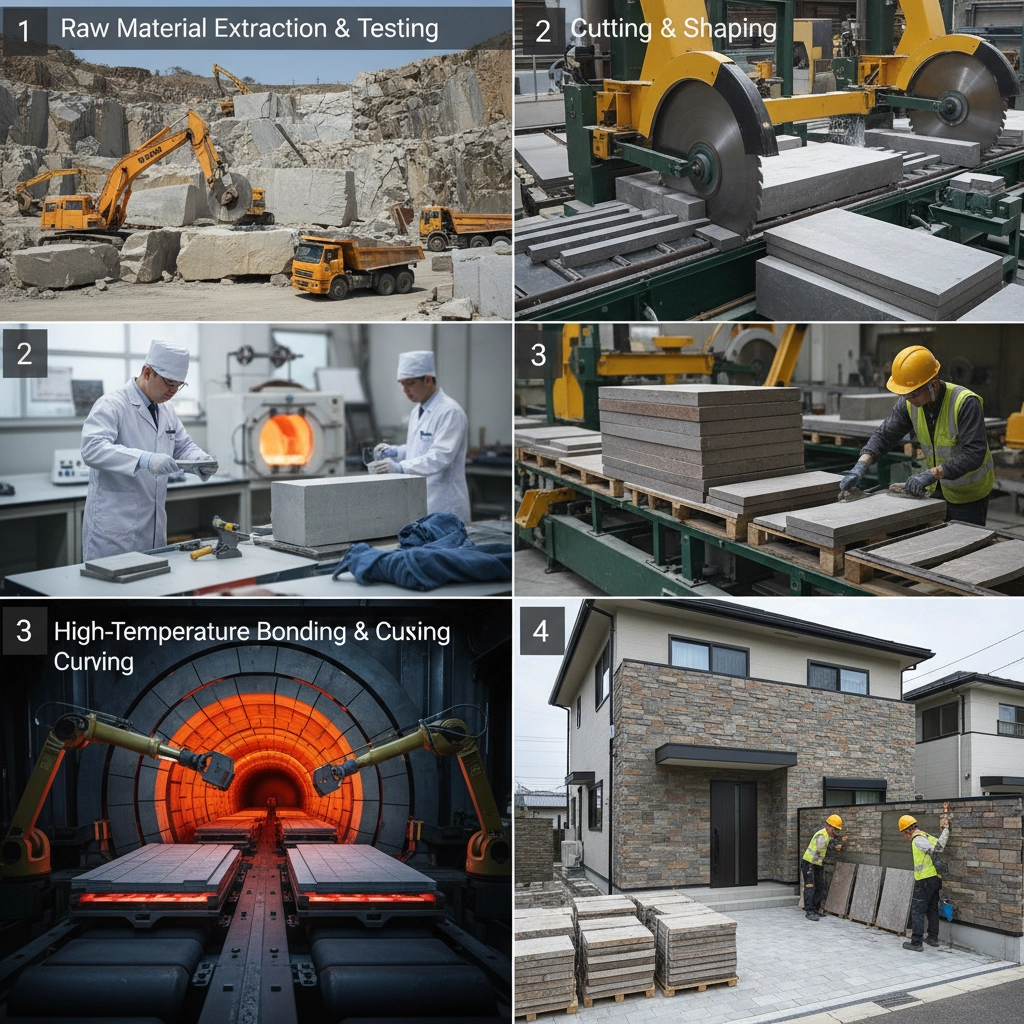 Best Stone Veneer for Front of House to Enhance Curb Appeal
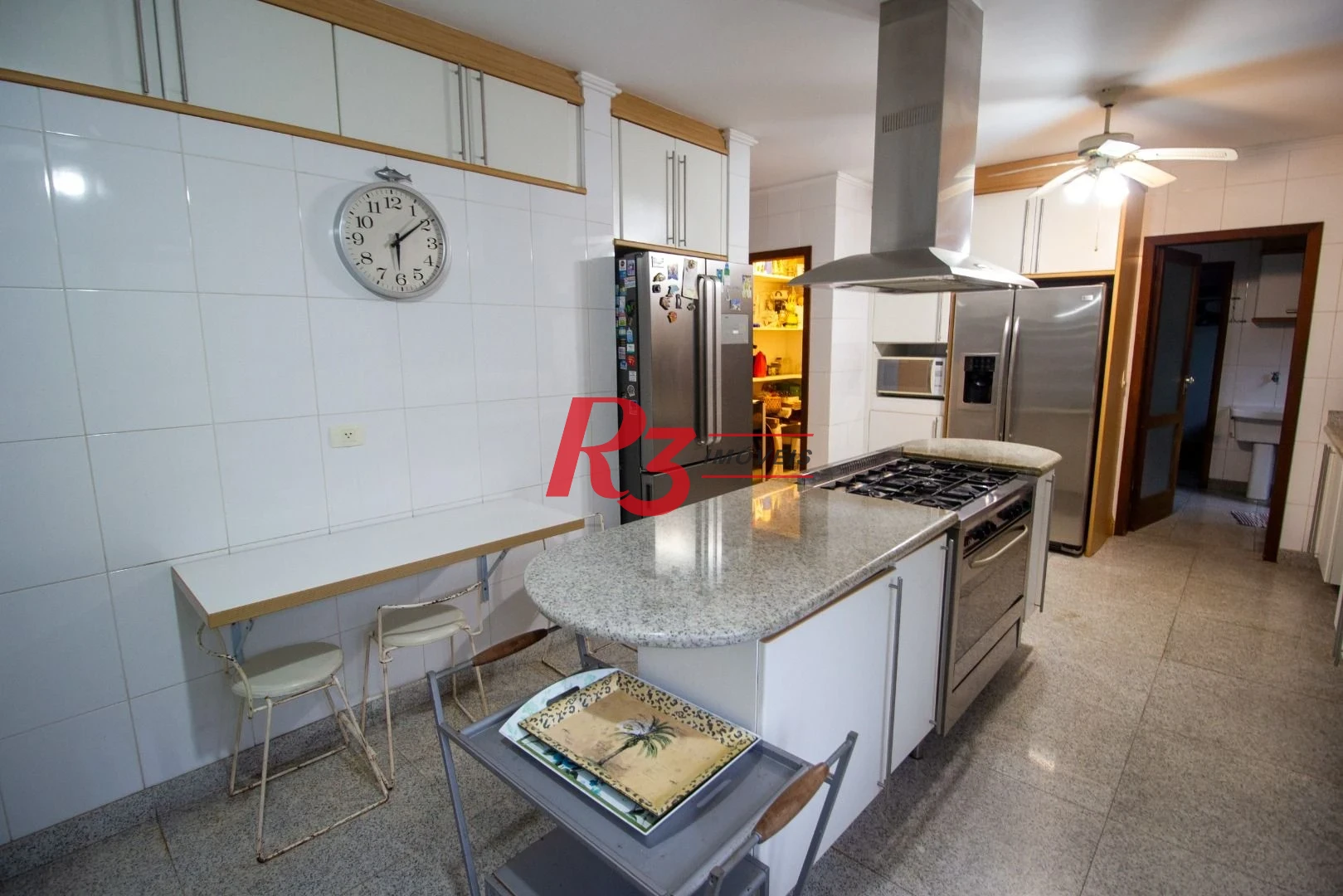Casa com 5 dormitórios à venda, 700 m² por R$ 8.000.000,00 - Acapulco - Guarujá/SP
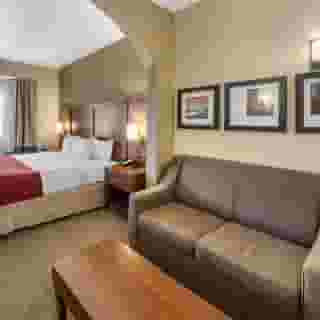 The Atrium Hotel, 5 of 6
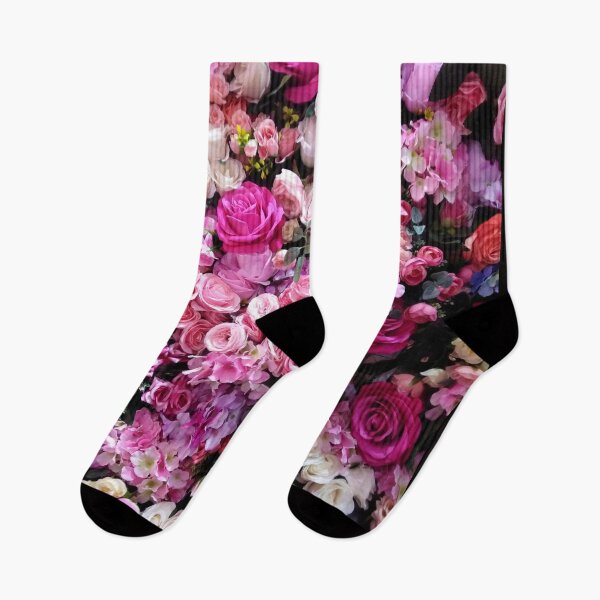 Item preview, It's Springtime Multicolored Roses designed and sold by TeesbyGinyard.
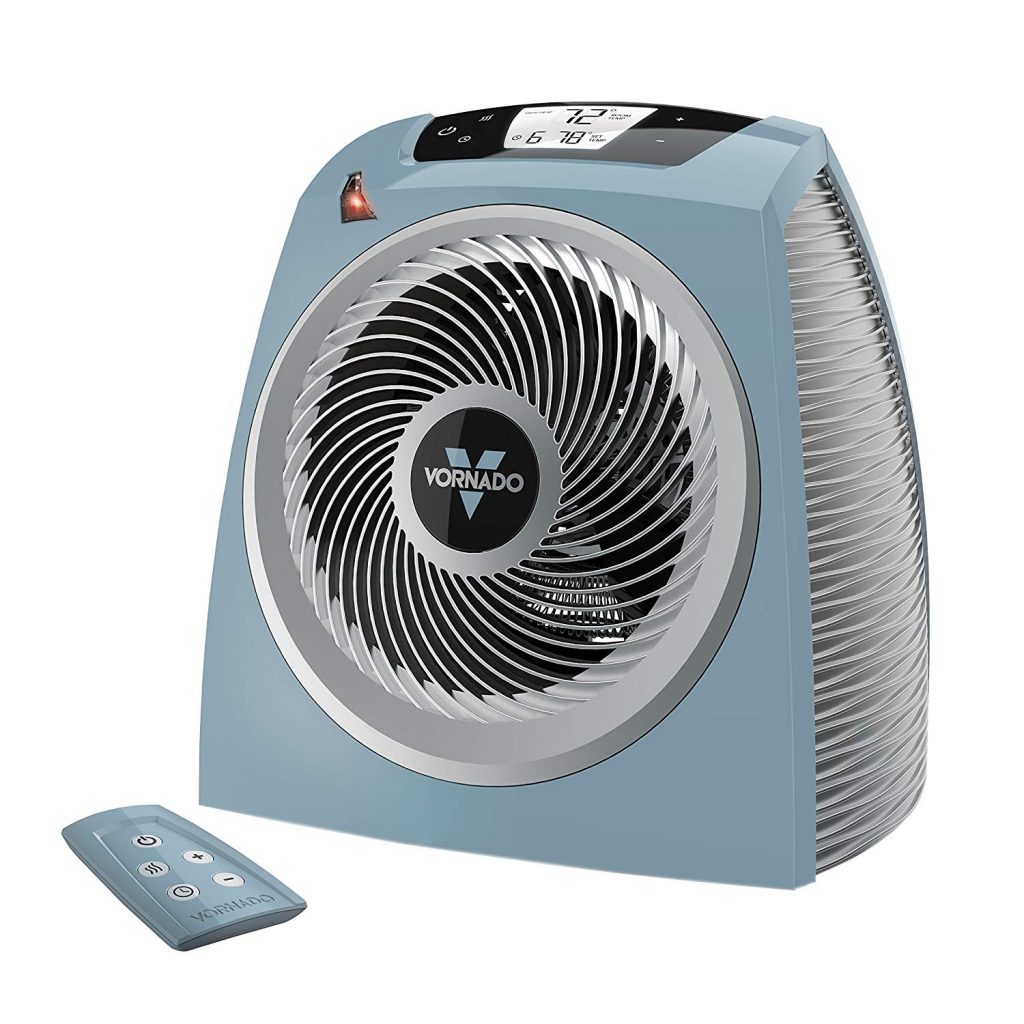 The Best Space Heaters for Apartments Consumer Reports for 2021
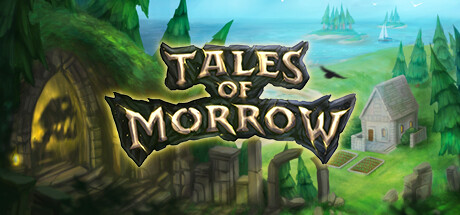 Купить Tales of Morrow Steam в DonatPlus - лучшая цена с мгновенной доставкой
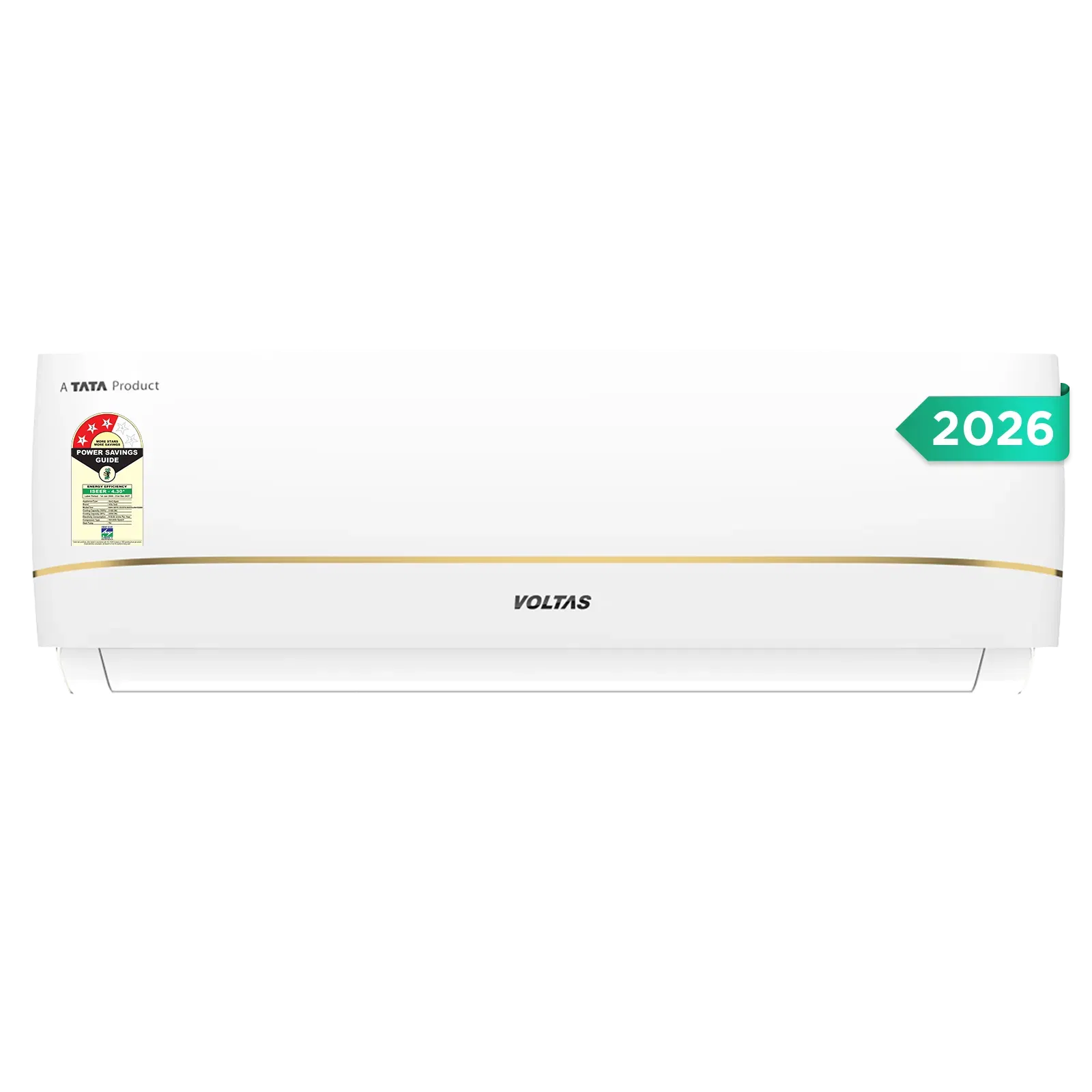 Voltas Vertis Celestia Marvel 1.5 Ton 3 Star Inverter Split AC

→ To do: Set down each line of the material exactly and skip every image.

→ Reply to the exercise:
 Best Stone Veneer for Front of House to Enhance Curb Appeal
Casa com 5 dormitórios à venda, 700 m² por R$ 8.000.000,00 - Acapulco - Guarujá/SP
 The Atrium Hotel, 5 of 6
 Item preview, It's Springtime Multicolored Roses designed and sold by TeesbyGinyard.
 The Best Space Heaters for Apartments Consumer Reports for 2021
 Купить Tales of Morrow Steam в DonatPlus - лучшая цена с мгновенной доставкой
 Voltas Vertis Celestia Marvel 1.5 Ton 3 Star Inverter Split AC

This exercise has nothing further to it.